Our first and utmost goal is building computational systems that can successfully identify the perspective from which a given informal text is written while studying what linguistic cues work best for each language and drawing insights into the similarities and differences between the notion of perspective in both studied languages. We build computational systems that can successfully identify the stance of a person in English informal text that deal with different topics that are determined by one's perspective, such as legalization of abortion, feminist movement, gay and gun rights; additionally, we are able to identify a more general notion of perspective–namely the 2012 choice of presidential candidate–as well as build systems for automatically identifying different elements of a person's perspective given an Egyptian discussion forum comment. The systems utilize several lexical and semantic features for both languages.

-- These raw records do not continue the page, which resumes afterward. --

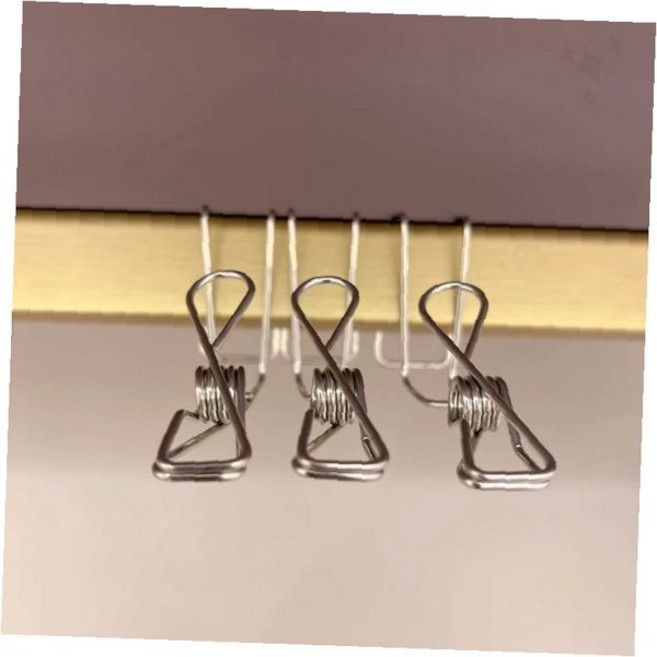 주방수납 욕실정리 스테인리스 클립형 걸이고리 상부장 하부장 문짝 선반 행주, 1개, 상부장스텐클립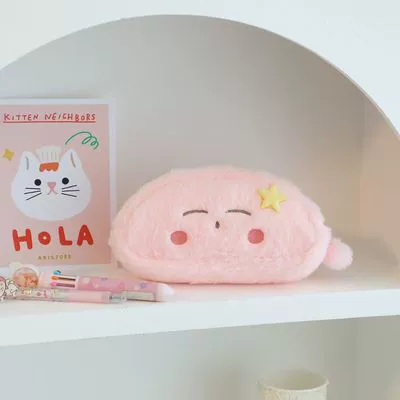 Wipes for auto, cute towel, plush doll, storage box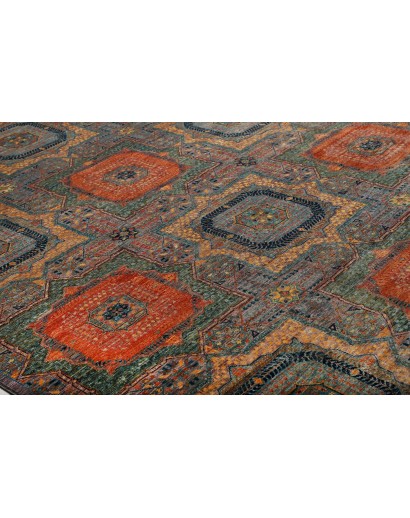 Tappeto Mamlouk Pakistan azzurro 202x302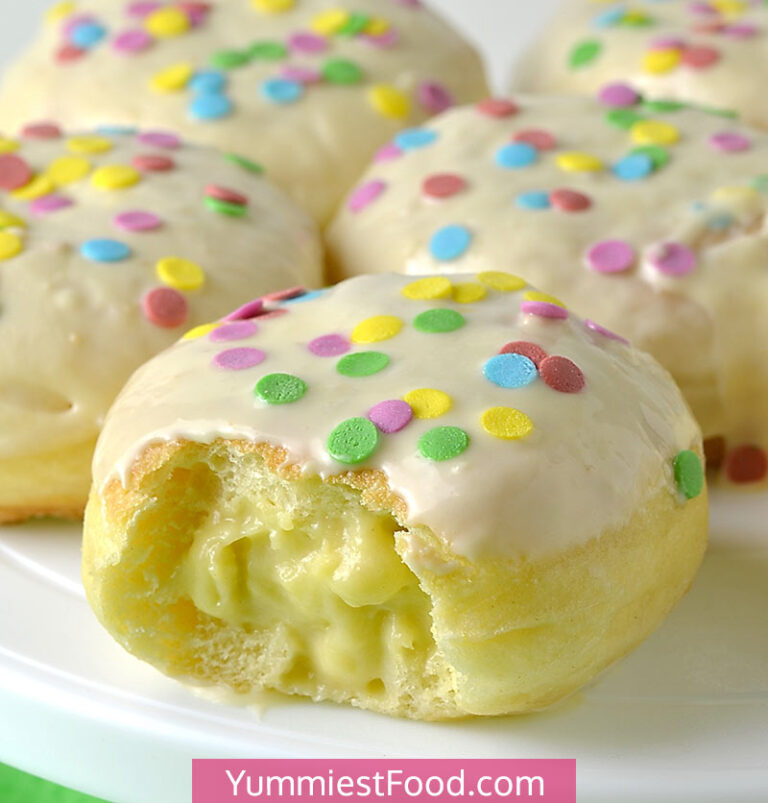 Vanilla Cream Donuts Recipe from Yummiest Food Cookbook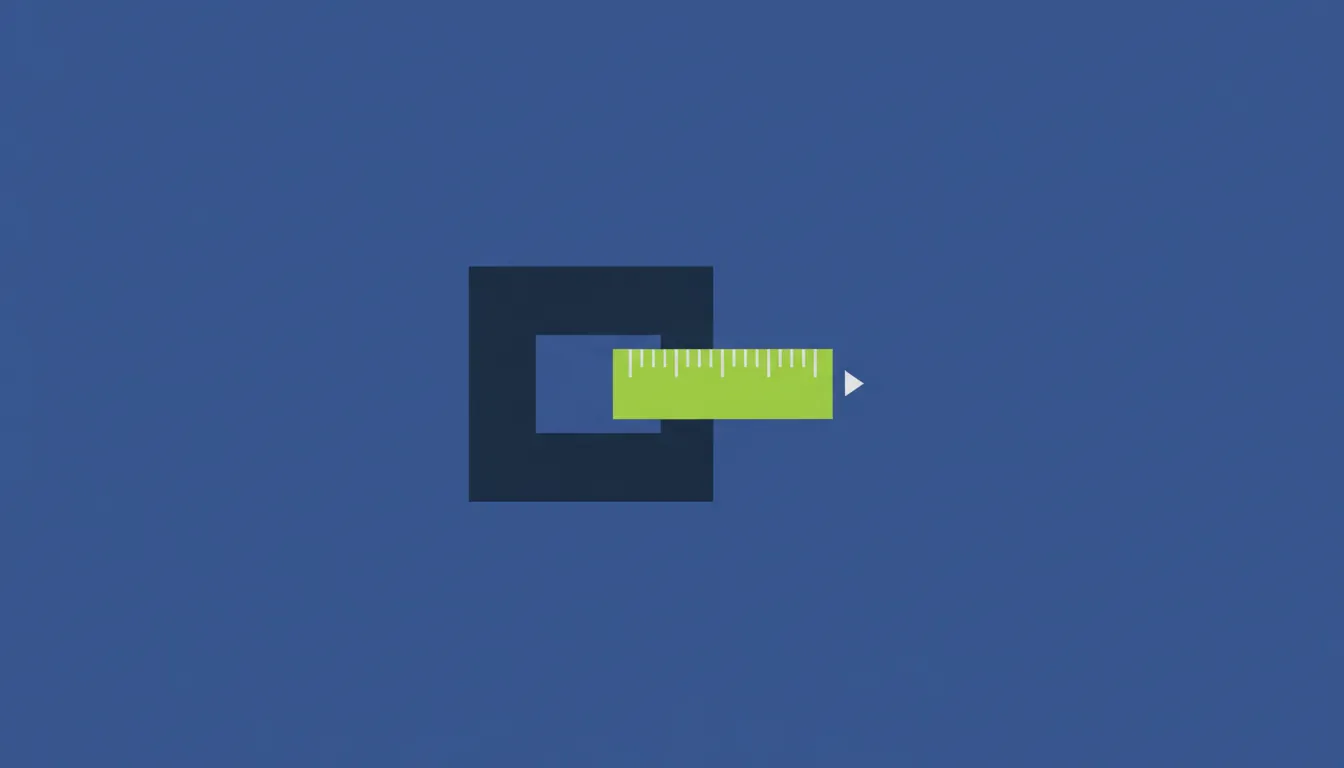 A flat illustration of a calibration tool against a solid background.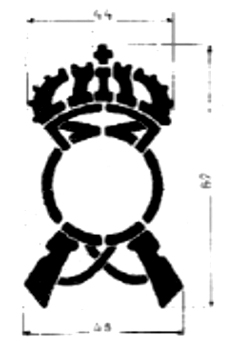 Infanterie (compagnie de district : nombre peint en jaune).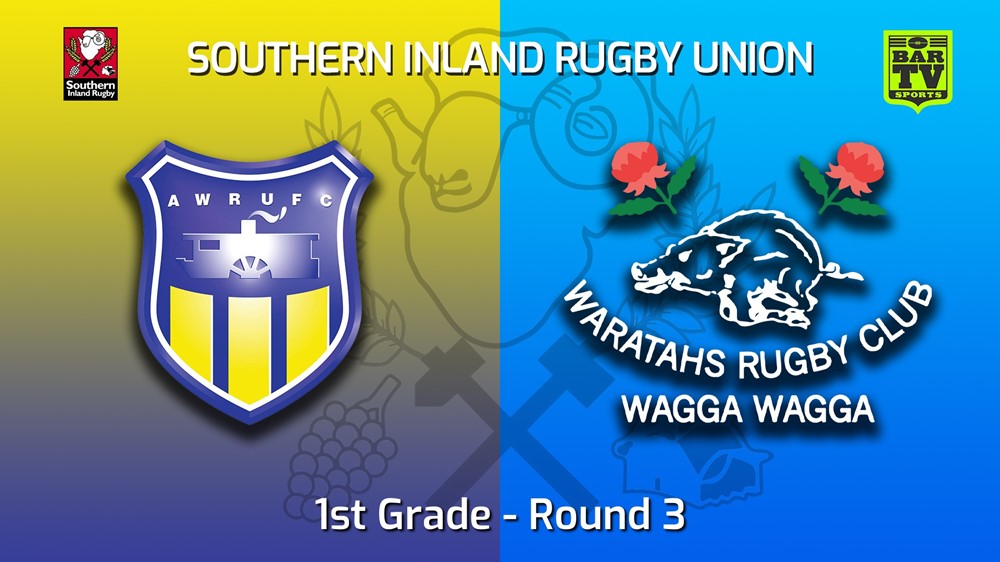 220423-Southern Inland Rugby Union Round 3 - 1st Grade - Albury Steamers v Wagga Waratahs Slate Image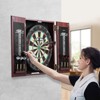 VEVOR Dartboard and Cabinet Set, Ready-to-Play Bundle Official Size Dartboard Cabinet, Steel Tip Dart Hideaway Cabinet, Brown - 2 of 4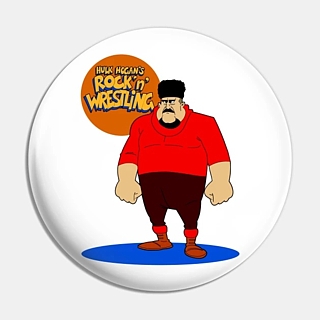 Pro Wrestling Collectibles - WWE / WWF World Wrestling Federation Nikolai Volkoff Rock n Wrestling Pinback Button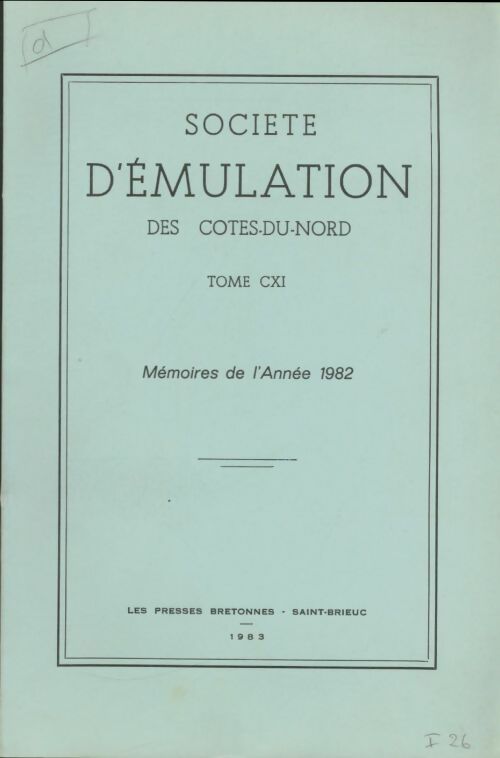 Livrenpoche : Société d'émulation des Côtes-du-Nord Tome CXI - Collectif - Livre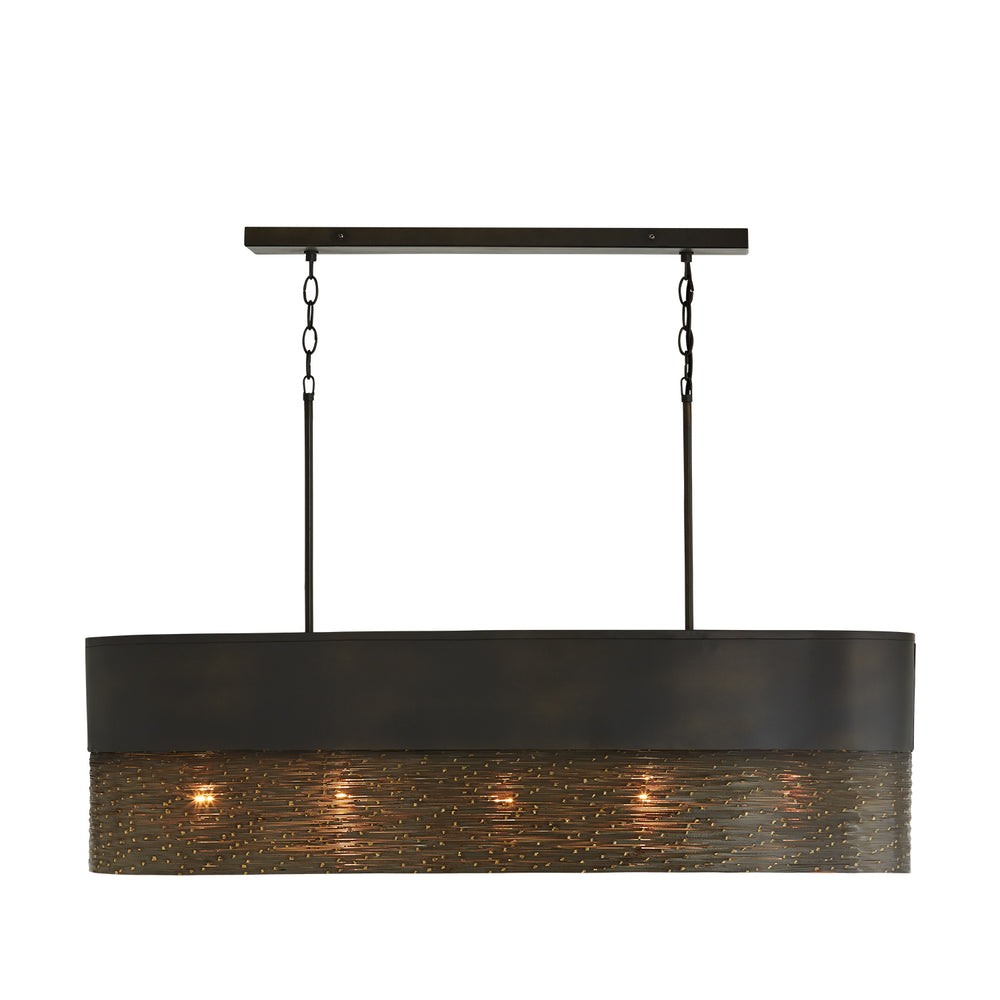 Capital Lighting - Five Light Island Pendant - Sana - Grey Iron- Union Lighting Luminaires Decor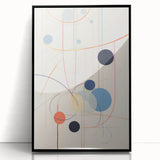 Abstract Electric Geometric Canvas – Modern Vibrant Art Print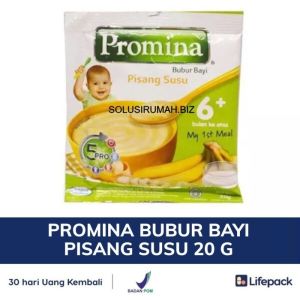 PROMINA BUBUR BAYI PISANG SUSU 20 G 20g baby makanan sachet banana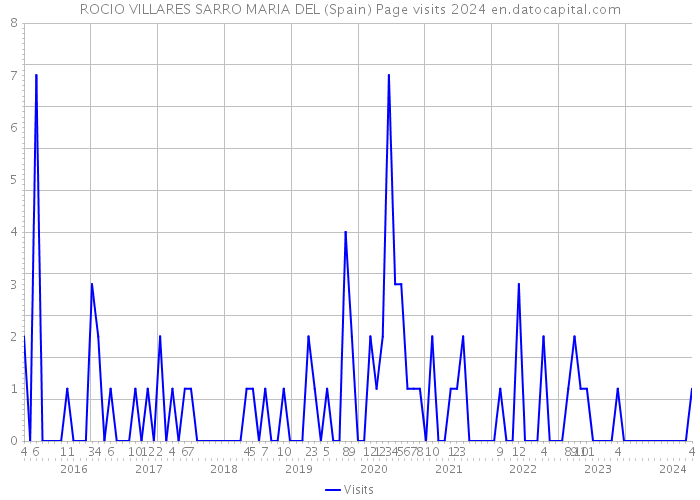 ROCIO VILLARES SARRO MARIA DEL (Spain) Page visits 2024 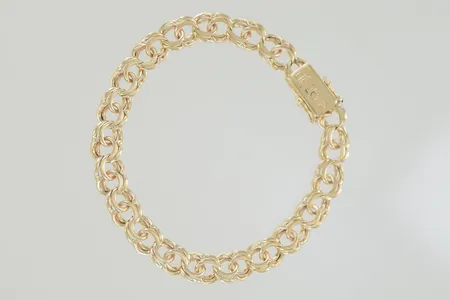 Armband bismark längd 20,5 cm bredd 8 mm, 18K Vikt: 20,1 g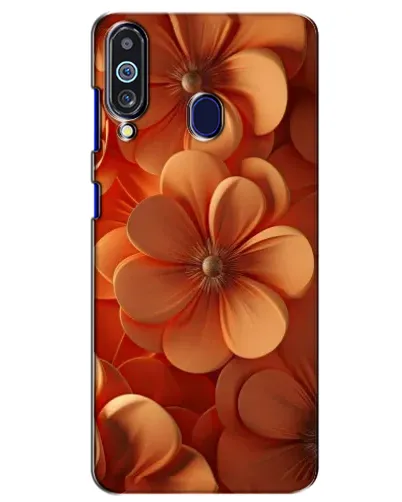 Чехол для Samsung Galaxy M40 с картинкой «Оранжевый макро цветок»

Specifically, for English we explore the use of word sense disambiguation, opinion features, latent and frame semantics as well; as Linguistic Inquiry and Word Count features; in Arabic, however, in addition to using sentiment and latent semantics, we study whether linguistic code-switching (LCS) between the standard and dialectal forms for the language can help as a cue for uncovering the perspective from which a comment was written.
This leads us to the challenge of devising computational systems that can handle LCS in Arabic. The Arabic language has a diglossic nature where the standard form of the language (MSA) coexists with the regional dialects (DA) corresponding to the native mother tongue of Arabic speakers in different parts of the Arab world. DA is ubiquitously prevalent in written informal genres and in most cases it is code-switched with MSA. The presence of code-switching degrades the performance of almost any MSA-only trained Natural Language Processing tool when applied to DA or to code-switched MSA-DA content. In order to solve this challenge, we build a state-of-the-art system–AIDA–to computationally handle token and sentence-level code-switching.
On a conceptual level, for handling and processing Egyptian ideological perspectives, we note the lack of a taxonomy for the most common perspectives among Egyptians and the lack of corresponding annotated corpora. In solving this challenge, we develop a taxonomy for the most common community perspectives among Egyptians and use an iterative feedback-loop process to devise guidelines on how to successfully annotate a given online discussion forum post with different elements of a person's perspective. Using the proposed taxonomy and annotation guidelines, we annotate a large set of Egyptian discussion fora posts to identify a comment's perspective as conveyed in the priority expressed by the comment, as well as the stance on major political entities
- …